Dataset extract ::
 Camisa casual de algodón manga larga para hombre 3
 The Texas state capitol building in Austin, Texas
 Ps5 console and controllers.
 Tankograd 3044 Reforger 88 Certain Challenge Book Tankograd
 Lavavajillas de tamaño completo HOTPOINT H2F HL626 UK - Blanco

* * *

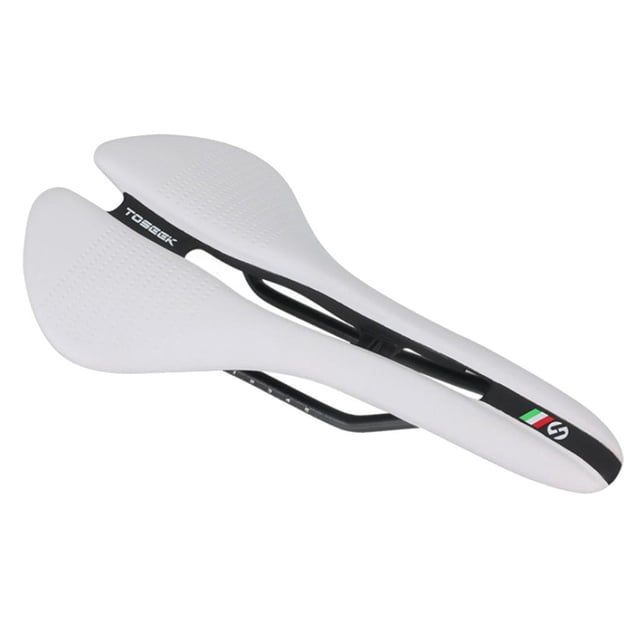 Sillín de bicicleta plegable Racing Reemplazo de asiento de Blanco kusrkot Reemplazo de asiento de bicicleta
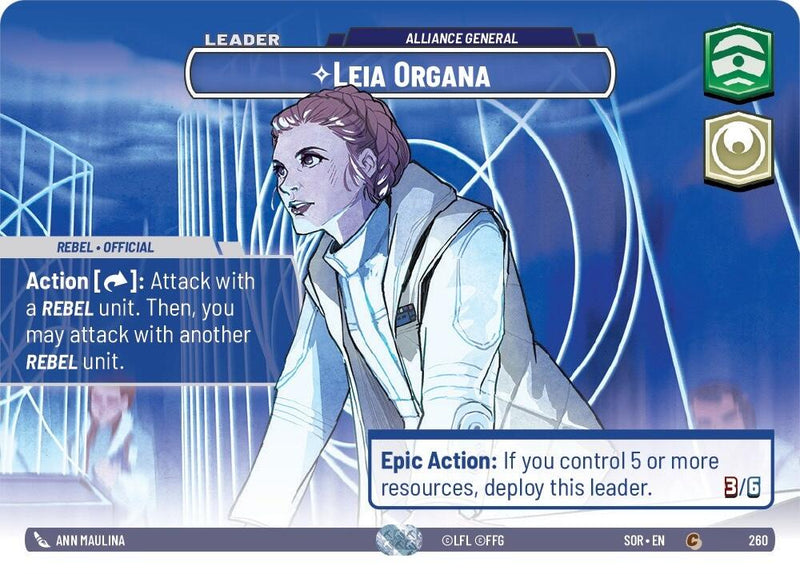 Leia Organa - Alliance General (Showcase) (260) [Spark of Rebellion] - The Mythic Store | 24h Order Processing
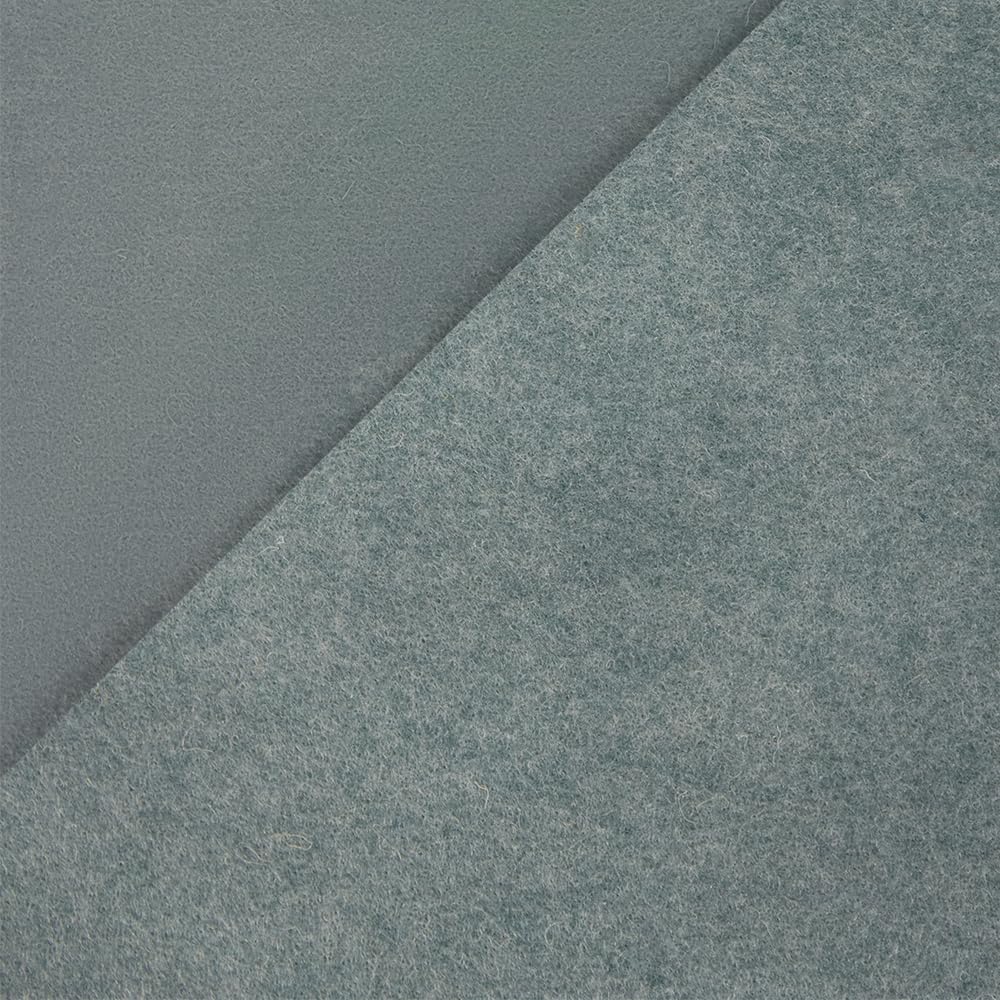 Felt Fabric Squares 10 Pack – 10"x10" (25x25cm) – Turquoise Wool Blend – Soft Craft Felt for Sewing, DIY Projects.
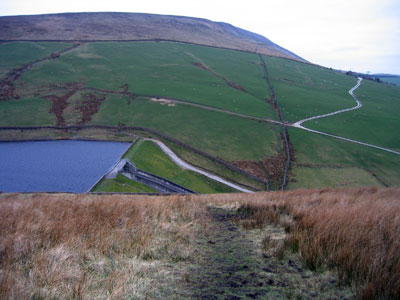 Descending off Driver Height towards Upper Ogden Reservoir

==

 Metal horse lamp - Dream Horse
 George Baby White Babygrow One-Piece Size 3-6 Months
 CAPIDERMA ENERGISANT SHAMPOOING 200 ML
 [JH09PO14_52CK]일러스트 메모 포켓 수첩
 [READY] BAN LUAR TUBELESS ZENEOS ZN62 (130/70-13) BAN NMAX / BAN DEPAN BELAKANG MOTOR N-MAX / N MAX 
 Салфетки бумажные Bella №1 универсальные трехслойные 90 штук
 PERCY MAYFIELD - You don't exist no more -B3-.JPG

Exercise requirements :: Copy the lines of the data above exactly as written, beginning with the line containing "Camisa casual de" and ending with the line containing "Lavavajillas de tamaño", and leave out all other lines.

Answer for the task ::
 Camisa casual de algodón manga larga para hombre 3
 The Texas state capitol building in Austin, Texas
 Ps5 console and controllers.
 Tankograd 3044 Reforger 88 Certain Challenge Book Tankograd
 Lavavajillas de tamaño completo HOTPOINT H2F HL626 UK - Blanco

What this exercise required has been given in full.